OSEMN for Newbies

Jari El
5 min readJun 26, 2020

As this is one of my first data science projects as well as my first time modeling, I thought it would be nice to present this blog post to the other fresh data scientist. I can definitely see how standing at the summit of a new project, when you are expected to use your new models, can be a daunting task from start to finish. So, I will take you through one of the best workflows that was bestowed upon me, the OSEMN process.

In 2010, Hilary Mason, data scientist and the founder of a technology startup Fast Forward Labs, as well as a Data Scientist in Residence at Accel Partners and Chris Wiggins, an associate professor of applied mathematics at Columbia University, articulated the OSEMN process. The OSEMN process is a taxonomy that all data scientist new and old should feel comfortable using (Brownlee, 2014). Throughout this blog, I will walk through the process and give insight into the process.

The OSEMN stands for Obtain, Scrub, Explore, Model, and iNterpret. Simple enough huh? It really is, this is one of the main reasons why it has been so widely excepted and used by inexperienced as well as experienced data scientists. Dr.
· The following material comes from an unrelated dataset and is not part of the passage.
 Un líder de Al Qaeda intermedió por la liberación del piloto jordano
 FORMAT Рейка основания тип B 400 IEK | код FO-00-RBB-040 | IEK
Jason Brownlee, a machine learning expert states, “It is a list of tasks a data scientist should be familiar and comfortable working on. Although, the authors point out that no data scientist will be an expert at all of them”(2014).

First, with anything related to a data science project you must obtain the data, the “O” in our process. The authors’ Mason and Dr. Wiggins make a strong point to say that the idea of manually generating data is not possible and or efficient. As data scientists in this age of big data and models that need a plethora of data to give accurate responses, it is pertinent to learn how to “automatically” obtain the data you need for a given problem (Browlee, 2014). When I say “manually generating data,” I mean like pointing and clicking with a mouse and or copying and pasting data from documents or taking photographs and labeling. Mason and Dr. Wiggins suggest that you adopt a range of tools for acquiring the necessary data and choose the correct method for the job (Brownlee, 2014). They point to Unix command-line tools as well as SQL in databases, web scrapping, and scripting using python (Brownlee, 2014). Finally, Mason and Dr. Wiggins explain the importance of using APIs to access data efficiently. API stands for application programming interface. It is a way to interact with other servers, you can do things like acquire data through an API.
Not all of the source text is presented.